If you are a director of a charity established as a company registered with Companies House, you will need to be aware of the Companies Act 2006. It is being brought into effect in several stages – some provisions are already in force, some are due to take effect later this year and others are expected to be implemented in October 2009. There are a number of changes which affect charitable companies.

In this summary, we have :

More detailed information about the Act can be found on the Companies House website.

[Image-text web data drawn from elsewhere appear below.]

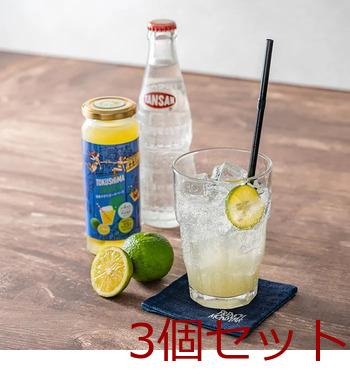 フレンチモンスター 徳島すだちネードベース 3個セット 送料無料-3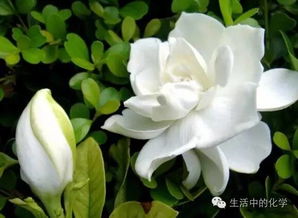 栀子花精油为何自然溢出？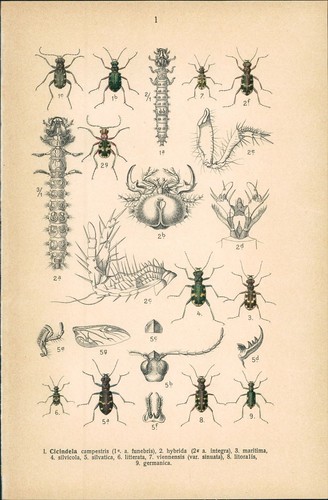 Litografia coleottero della - litografia:,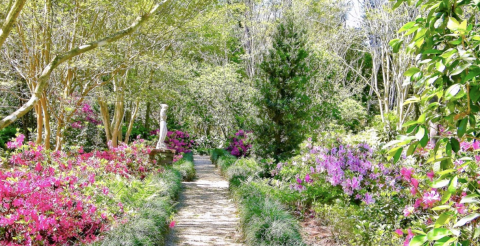 Surround Yourself With Endless Color At The Burden Museum & Gardens In Louisiana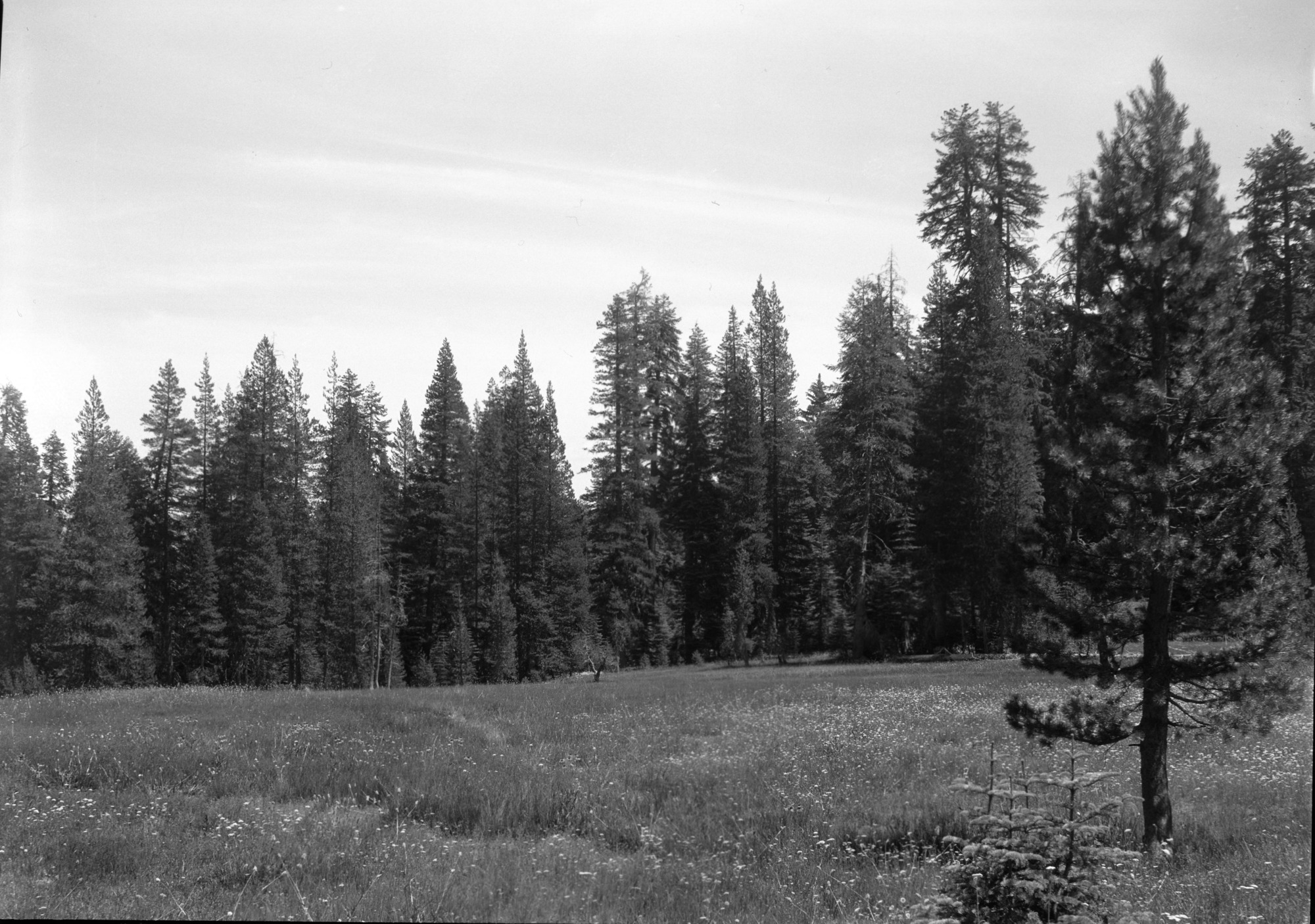 Flowers, grass, Lodgepole at right.
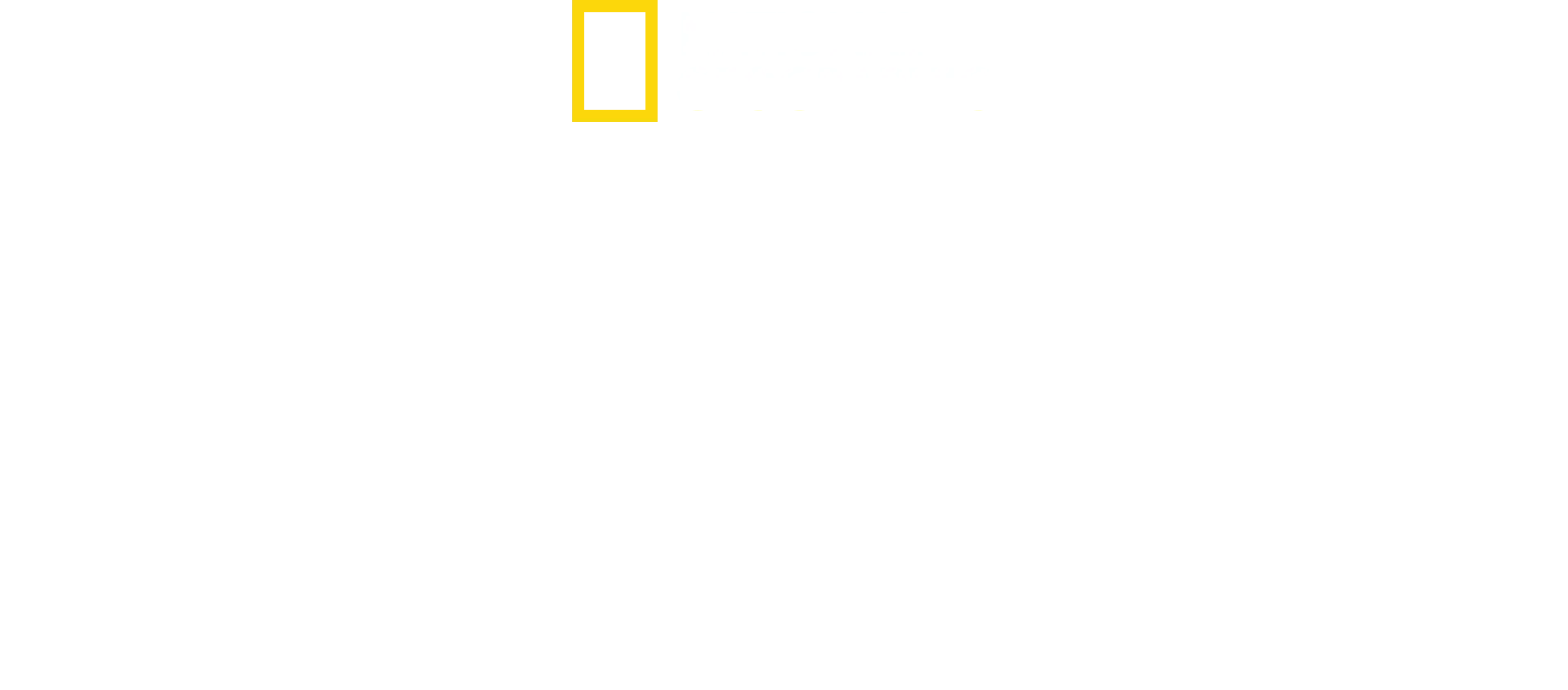Sabores del mundo con Antoni Porowski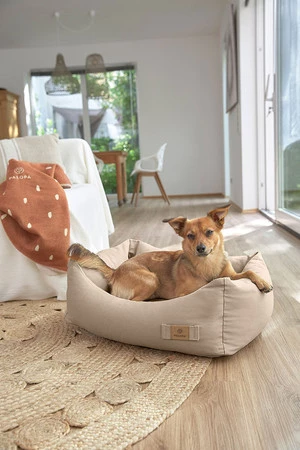 PALOPA Legowisko dla psa bawełniane Fred humus M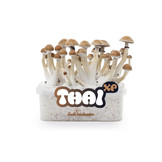Thai 100% mycelium Paddo kweekset
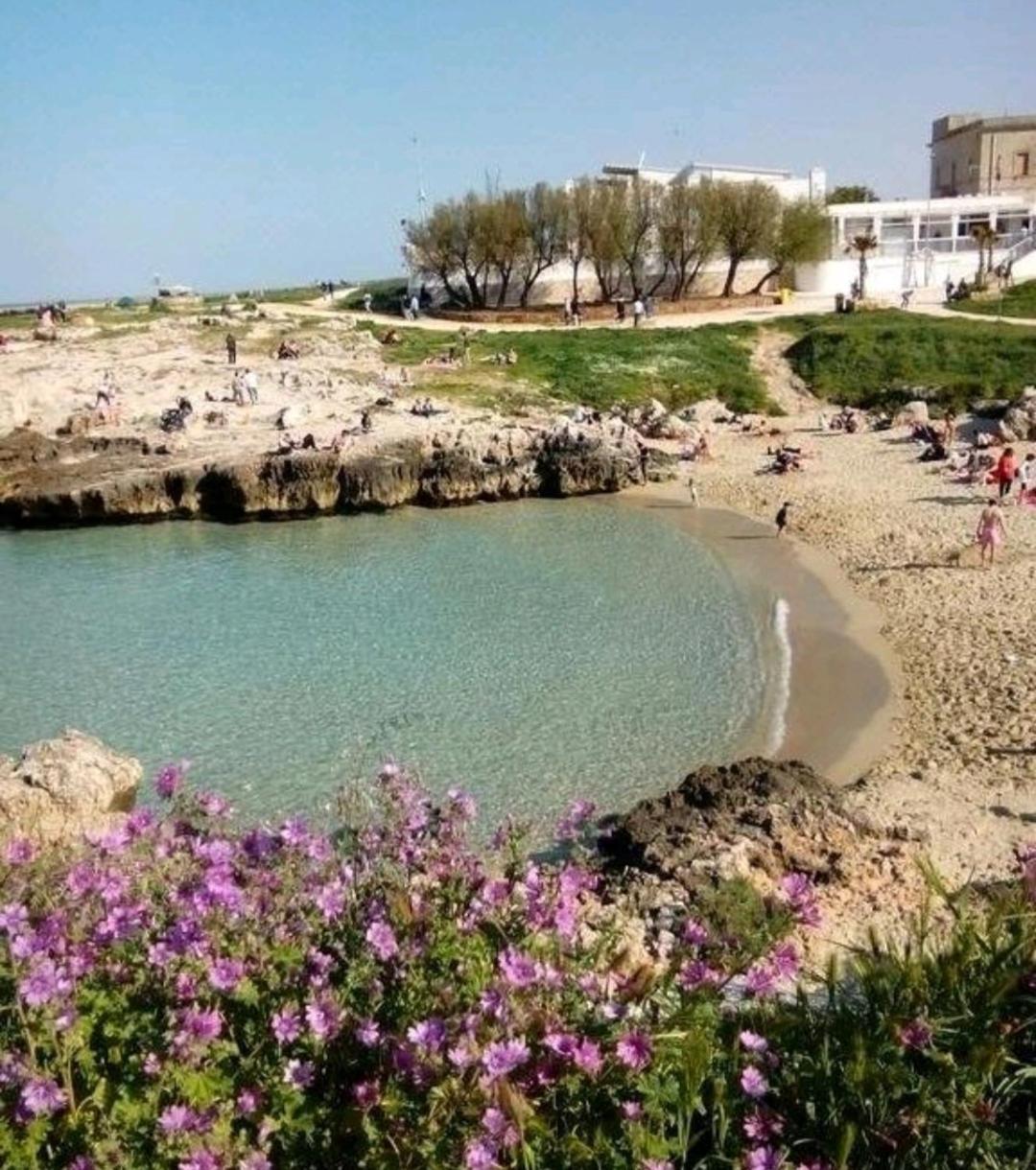 Da Luigi Locazioni Brevi Turistiche Bed & Breakfast Monopoli Luaran gambar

1. Main changes for charitable companies

(a) Already in force:-

  • Directors’ duties. The Act identifies new duties for directors, including the duty to act in the way s/he considers, in good faith, would be most likely to achieve the purposes of the company (s.172).
  • Casting vote. A Chairperson under articles adopted after 1 October 2007 cannot have a casting vote at a general meeting (but can at a meeting of the directors where permitted by the Articles of Association).
  • Annual General Meetings. There is no requirement for a company to hold an AGM (although it continues to be good practice for the articles of charities to make provision for them).
  • Extraordinary General Meetings. The category of “extraordinary” general meetings has been discontinued. Meetings of the company are now simply “general meetings”. Although only 14 days’ notice is required for a general meeting, the articles can make provision for longer notice and directors may wish to do so for certain types of general meeting such as AGMs or general meetings at which special resolutions are being considered.
  • Short notice meetings. Where members wish to call a company general meeting at short notice, the Companies Act 2006 requires a minimum 90% of members to support this (s.307).
  • Members’ right to appoint proxies. Members of charitable companies have the right to appoint proxies and notices of general meetings must refer to this right (ss. 324 and 325).
  • Written resolutions. Members may agree in writing to resolutions – there is no longer a requirement for unanimity. Instead, a simple majority is needed for ordinary written resolutions and a 75% majority for special written resolutions (ss.282 and 283, 288 to 300).
  • Company Secretary. It is no longer necessary to have a company secretary (s.270).
  • Accounting. The requirements for preparation and scrutiny of the accounts of charitable companies (Part 16, Chapter 1) have been brought into line with those for non-company charities. Our guidance Charity reporting and accounting : the essentials (CC15) provides further information on these requirements.
  • Electronic communications. Formal correspondence between a company and its members can be conducted by e-mail or other forms of e-communication defined by the Act, subject to certain conditions (ss1143 – 1148 and schedules 4 and 5).

(b) October 2008

Conflicts of interest and the Companies Act 2006

As from 1 October 2008 directors have been under a specific statutory duty to avoid a situation in which they have, or can have, a direct or indirect interest that conflicts, or possibly may conflict, with the interests of the company (section 175(1) of the Companies Act 2006).

The Commission considers that directors of charitable companies were already under a duty to avoid conflicts of interest prior to the implementation of this section. Conflicts of interest include those arising from:

  • any personal financial interest in a transaction with the charity – for example, where a director receives payment from the charity for services or goods;
  • conflicts of duty which do not involve any material benefit to a director, for example, where a director is also a charity trustee of another charity which might be in competition with the charity ("conflicts of loyalty").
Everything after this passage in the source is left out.